- Your task
Copy out only the span from the line with "VALENTINO Modern V-Detail Denim Shirt" to the end of the data, both ends kept, word for word.
Segment Open
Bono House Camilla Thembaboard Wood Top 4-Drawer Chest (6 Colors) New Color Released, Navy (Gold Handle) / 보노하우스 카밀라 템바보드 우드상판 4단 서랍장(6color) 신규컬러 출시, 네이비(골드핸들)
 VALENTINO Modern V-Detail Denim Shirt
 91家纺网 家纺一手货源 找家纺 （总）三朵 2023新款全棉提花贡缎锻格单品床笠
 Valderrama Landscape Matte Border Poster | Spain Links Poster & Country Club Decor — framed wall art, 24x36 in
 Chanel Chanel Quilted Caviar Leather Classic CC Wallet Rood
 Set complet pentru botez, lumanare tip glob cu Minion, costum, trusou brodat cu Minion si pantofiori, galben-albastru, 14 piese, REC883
Segment Closed
- Solution to this exercise
 VALENTINO Modern V-Detail Denim Shirt
 91家纺网 家纺一手货源 找家纺 （总）三朵 2023新款全棉提花贡缎锻格单品床笠
 Valderrama Landscape Matte Border Poster | Spain Links Poster & Country Club Decor — framed wall art, 24x36 in
 Chanel Chanel Quilted Caviar Leather Classic CC Wallet Rood
 Set complet pentru botez, lumanare tip glob cu Minion, costum, trusou brodat cu Minion si pantofiori, galben-albastru, 14 piese, REC883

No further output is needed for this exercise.